While too much of something is always a bad idea, the converse – not enough of something – can be equally as bad. Case-in-point – staying informed with what passes for news these days.

I was thinking about this as my spouse watched her Sunday morning pair of news programs – This Week with George Stephanopoulos and Meet the Press with Chuck Todd. She makes every effort to stay informed, but with our schedules (jobs, three kids, etc.), that can be very difficult. Her routine usually consists of scanning the Tulsa World every few days (yes, we still get the physical paper delivered to the house), listening to NPR on the way to work, and watching the late news. Then on Sunday, she absorbs her two shows – two hours worth of political reporting and opinion.

She strives to get all sides of a given story whenever she can – she avoids the overtly right- (Fox News) and left-leaning (CNN, MSNBC) programs in favor of the middle-of-the-road, common sense reporting that one finds on NBC, CBS and NPR. (Our local ABC affiliate is owned by the Sinclair Group, so that’s obviously out).

I, on the other hand, avoid the news like the plague. When I listen to NPR, it’s Wait Wait, Don’t Tell Me or my friend Denis’ The Rhythm Atlas world music program that runs locally on Sunday nights. On television, I’ll watch Shark Tank and The Profit on CNBC, or whatever football game happens to be on. When I browse Google News, I stick to the business and technology sections only.

I also purposefully avoid any sort of political or religious discussions whenever possible (which is usually all of the time). As far as religion, I find that to be an excessively personal choice, and outside the confines of church, has no real place as a topic discussion in my daily life, particularly in the workplace (where I spend up to ten hours a day during the week, and where most of my conversations take place).

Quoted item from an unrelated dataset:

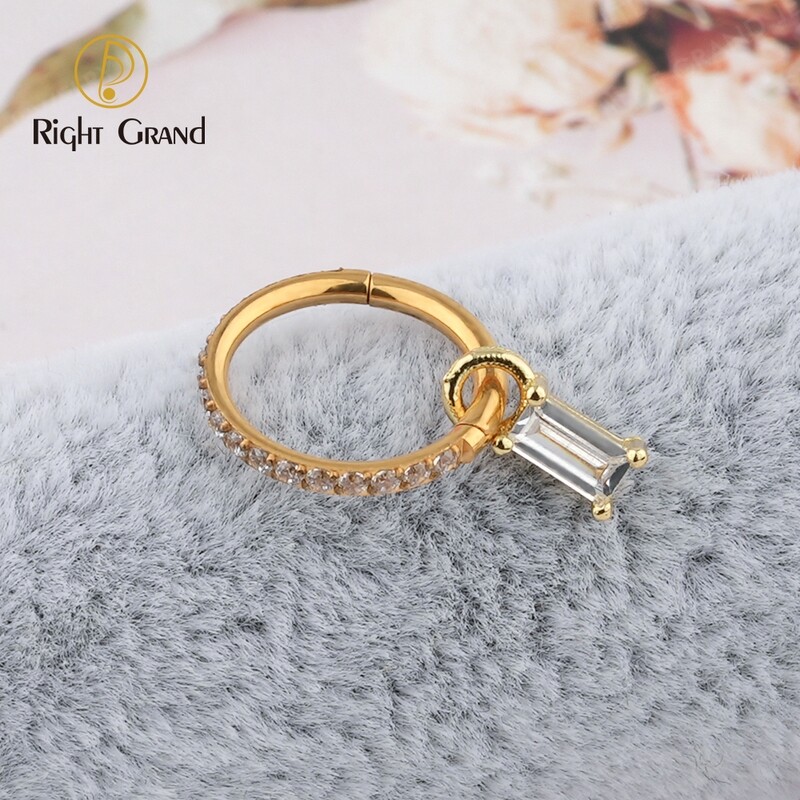 Right Grand Implant Grade 316L Surgical Steel CNC Claw Setting Clicker With Brass CZ Dangle Charm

Politics is just the opposite – by definition, it should be an excessively public discourse. However, the polarization of Federal and State politics makes the situation such that it is nearly impossible to have an intelligent conversation regarding differences in viewpoints.

But why is that? Why am I so sure of myself, sometimes even in the face of certain evidence. Hubris is a powerful thing, and serves no one. Yet, here I am, dead set in my political and religious belief, certain that if the other side would just think about it logically and intelligently for a minute, they’d see where they were wrong, and accept that my viewpoint was the correct one.

Trouble is, the other side is thinking the same thing about me. And so we remain at this impasse, unable to every make any headway to a reconciliation of opinions and viewpoints.

What I’ve Learned

Epictetus is 100% correct – you can’t learn something that you think you already know, and you certainly can’t change someone’s mind when they believe they are in the right, particularly if their viewpoint is fueled by faith and what they believe rather than facts. Belief is a powerful thing, often overriding the evidence before our eyes.

Only by being open to the fact that I don’t know everything – in fact, I know very little – can I have the open mind necessary to not only entertain opposing thoughts and opinions, but also to further define and strengthen my own beliefs.